On Fri, Jul 25, 2025 at 06:32:50PM +0800, Arin Sun wrote:
Dear Stable Kernel Team and Maintainers,
I am writing to request a backport of the following commit from the mainline kernel to the 5.15.y stable branch:
Commit: x86/ioremap: Use is_ioremap_addr() in iounmap() ID: 50c6dbdfd16e312382842198a7919341ad480e05 Author: Max Ramanouski Merged in: Linux 6.11-rc1 (approximately August 2024)

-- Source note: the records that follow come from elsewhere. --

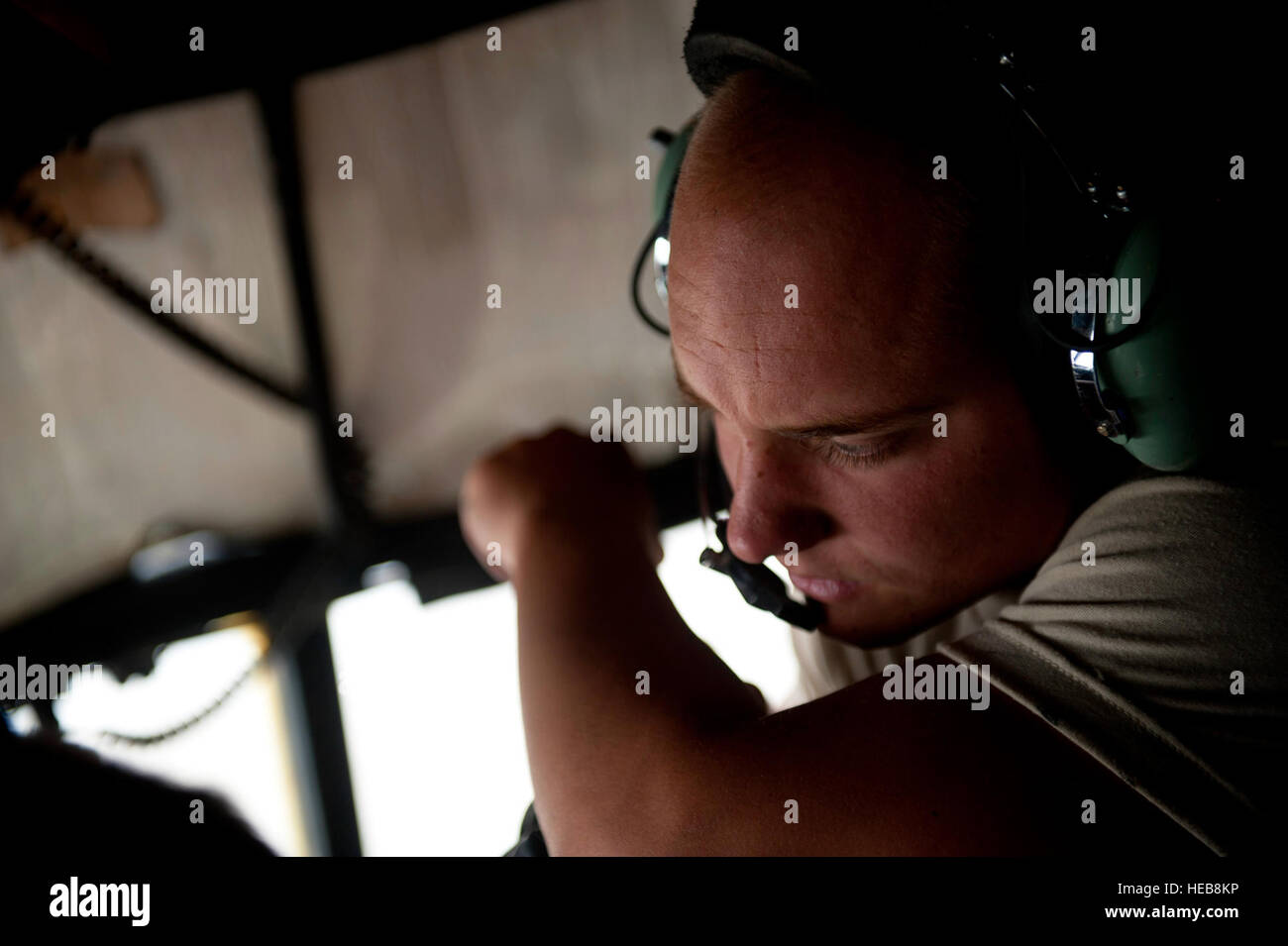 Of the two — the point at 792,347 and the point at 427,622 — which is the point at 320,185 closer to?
the point at 427,622

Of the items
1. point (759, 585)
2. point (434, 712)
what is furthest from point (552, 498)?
point (434, 712)

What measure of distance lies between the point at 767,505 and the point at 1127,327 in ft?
0.90

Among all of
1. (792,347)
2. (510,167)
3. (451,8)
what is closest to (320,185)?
(510,167)

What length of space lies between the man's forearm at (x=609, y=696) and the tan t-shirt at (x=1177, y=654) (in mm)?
193

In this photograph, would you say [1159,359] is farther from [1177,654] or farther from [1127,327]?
[1177,654]

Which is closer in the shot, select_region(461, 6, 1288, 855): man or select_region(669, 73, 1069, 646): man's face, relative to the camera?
select_region(461, 6, 1288, 855): man

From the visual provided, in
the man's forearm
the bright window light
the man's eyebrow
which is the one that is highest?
the man's eyebrow

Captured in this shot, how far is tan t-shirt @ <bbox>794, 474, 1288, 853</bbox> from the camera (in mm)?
479

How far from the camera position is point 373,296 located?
135 cm

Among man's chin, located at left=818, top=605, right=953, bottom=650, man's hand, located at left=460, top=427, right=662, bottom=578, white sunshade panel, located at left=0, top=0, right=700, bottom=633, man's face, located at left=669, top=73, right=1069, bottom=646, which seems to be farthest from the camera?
white sunshade panel, located at left=0, top=0, right=700, bottom=633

It showed up in 6.12, not 6.11.
This commit fixes a bug in the iounmap() function for x86 architectures in kernel versions 5.x. Specifically, the original code uses a check against high_memory:
if ((void __force *)addr <= high_memory) return;
This can lead to memory leaks on certain x86 servers where ioremap() returns addresses that are not guaranteed to be greater than high_memory, causing the function to return early without properly unmapping the memory.
The fix replaces this with is_ioremap_addr(), making the check more reliable:
if (WARN_ON_ONCE(!is_ioremap_addr((void __force *)addr))) return;
I have checked the 5.15.y branch logs and did not find this backport. This issue affects production environments, particularly on customer machines where we cannot easily deploy custom kernels. Backporting this to 5.15.y (and possibly other LTS branches like 5.10.y if applicable) would help resolve the memory leak without requiring users to upgrade to 6.x series.
Do you have plans to backport this commit? If not, could you please consider it for inclusion in the stable releases?
Note, this caused problems that later commits were required to fix up.
Can you please provide a set of properly backported commits, that are tested, to all of the relevant kernel trees that you need/want this for? You can't just apply a patch to an older kernel tree and not a newer one as that would cause a regression when upgrading, right?
But I might ask, why not just move to the 6.12.y release? What is forcing you to keep on 5.15.y and what are you plans for moving off of that in a few years?